Note: This idea applies to lots of right-skewed data, especially in economics or things related to money/income. Do not trust people who tell you averages of things without letting you see the actual distribution.

Messing with Axes (not those kind)

Another way we can lie with statistics is by changing the axes of graphs. Doing so, we can exaggerate things by making them look smaller or larger than they really are.

Lake Huron Data

The following data is a measurement of the water level of Lake Huron from 1875 to 1972. Each dot corresponds to a year. This type of data is actually called a ‘time series.’

year = 1875:1972
LH = data.frame(LakeHuron, year)
ggplot(LH, aes(x=year, y=LakeHuron)) + geom_line()

Question 2: What general pattern do we see? Is the level of water in Lake Huron relatively consistent or does it tend to fluctuate?

Question 3: We can see that somewhere in the 1960s, Lake Huron reach the lowest level on record. Is there that much of a difference between the lowest and highest points on this graph?

We will plot the same data again, but mess with the y-axis.

year = 1875:1972
LH = data.frame(LakeHuron, year)
ggplot(LH, aes(x=year, y=LakeHuron)) + geom_line() +
  ylim(c(0, 600)) + geom_area(fill = "lightblue")

Question 4: By graphing the data in this way, what are we lead to believe? Is the level of Lake Huron as consistent as the graph makes it out to be?

Average Price of Goods in US

Take a look at the following link and mess with the graphics. You can click goods to plot them simulataneously or click again to remove them from the plot. Pay attention to the axes of the plot. LINK

Question 5: In what way is the Bureau of Labor Statistics NOT lying to us with this data in terms of the axes of the plots?

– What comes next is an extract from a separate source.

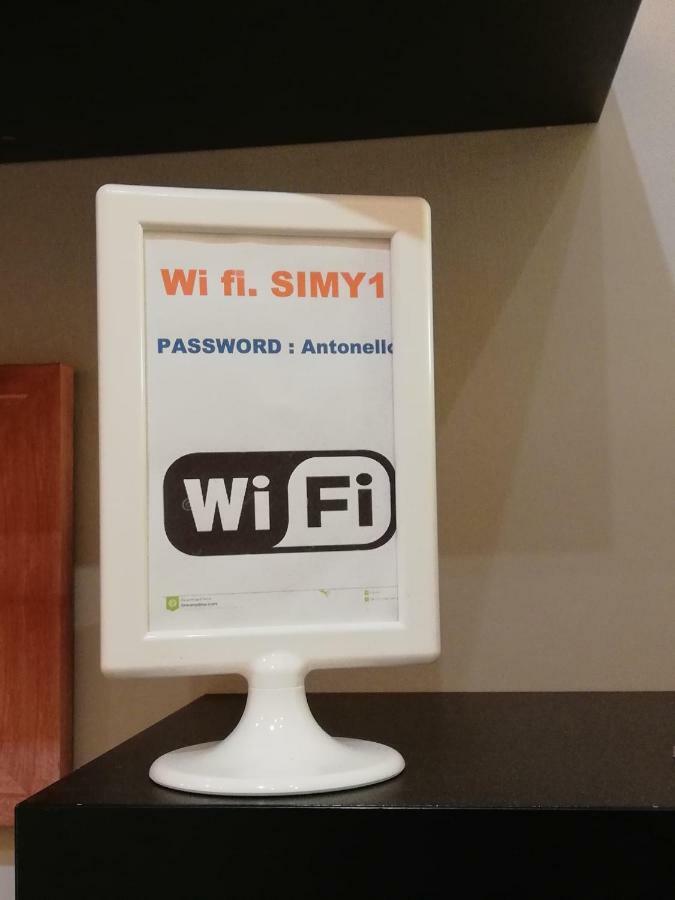 B&B Simy Napoli Bagian luar foto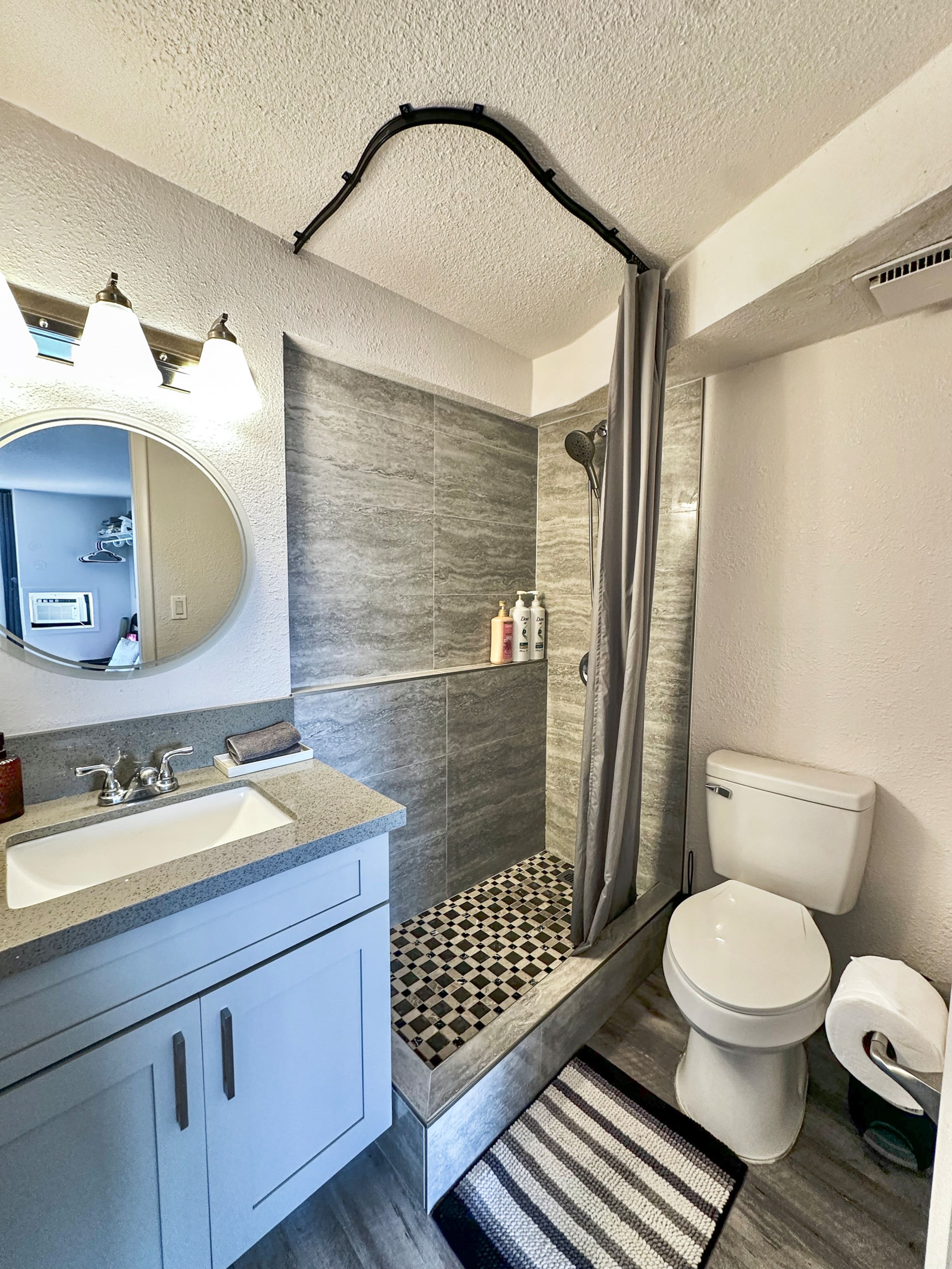 Waikiki Hawaiian monarch studio/No resort fee - Image 19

Question 6: One of the biggest factors in the recent 2024 election determining who people voted for is how they feel the economy is doing. With this in mind, how do current gas prices compare to 13 years ago? Has the price of milk changed much over the last 20 years?

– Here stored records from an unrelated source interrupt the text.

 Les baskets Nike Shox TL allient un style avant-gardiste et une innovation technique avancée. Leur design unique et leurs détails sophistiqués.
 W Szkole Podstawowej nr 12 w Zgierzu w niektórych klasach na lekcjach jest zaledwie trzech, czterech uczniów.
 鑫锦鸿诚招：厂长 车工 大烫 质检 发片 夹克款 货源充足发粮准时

Question 7: Do you think it would be more advantageous for the Bureau of Labor Statistics to report mean or median price of goods if they wanted to make the current administration look better in terms of handling the economy?

Meaningless Statistics

The following is an excerpt from the book “Flaws and Fallacies in Statistical Thinking” by Stephen K. Campbell, with small edits.

“… a tale told by an idiot, full of sound and fury, signifying nothing.” - Shakespeare

It seems to me that if someone is going to waste my time and insult my intelligence by foisting Meaning Statistics upon me, [they] should at least by the common decency to see that [their] offerings are funny… Most Meaningless Statistics aren’t very funny.

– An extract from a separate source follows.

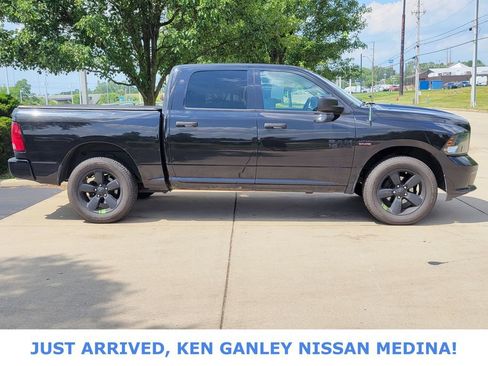 Used 2015 RAM 1500 Express AWD/4WD image 2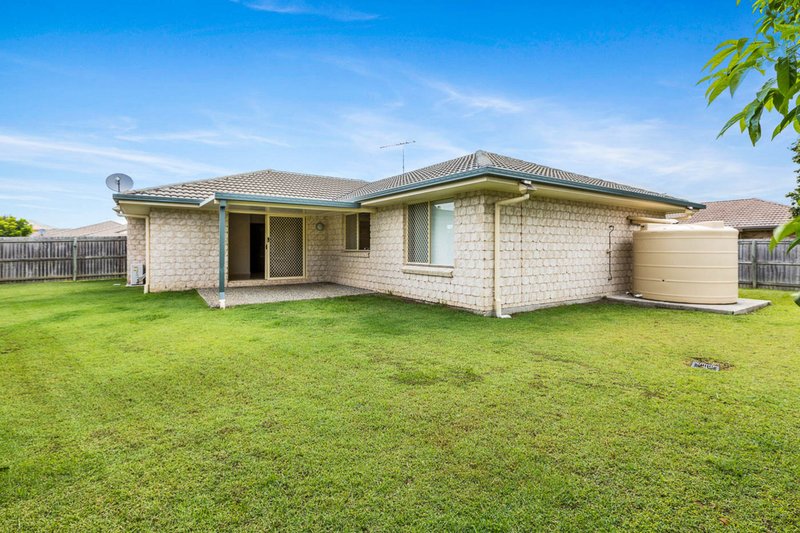 Photo - 15 Pumello Court, Bellmere QLD 4510 - Image 7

An Example of Meaningless Statistics

The executive of a certain company claimed that about 75 percent of the entire organization had been with the company for many, many years. Is that not a truly impressive record? On second thought, just how impressive is it? The answer of course, depends entirely on what is meant by “many, many years,” a detail the executive saw fit to spare us.

The organization referred to is a manufacturer and distributor of stainless steel cookware, one of several brands sold exclusively by direct sales[people]. I admittedly have no idea what the sales[person]-turnover rate is for this particular company, but I do know that in most direct selling it is pretty high - so high, in fac, that “many, many years” could conceivably mean four or three or even few. (Not that it necessarily does, mind you. We simply have no way of telling from the information given.) The 75-percent figure sounds precise enough, but the entire claim fails to deliver the precision promised because the rest of it is so vague.

This is a fairly typical example of a Meaningless Statistic – a precise figure used in conjunction with a term sufficiently vague that a Friendly Definition is sorely needed to endow the figure with meaning. But such a definition is not provided, or, if one is provided, it is itself so vague that it doesn’t really help.

Question 8: Provide an example of a ‘meaningless statistic’ you have encountered or had foisted upon you.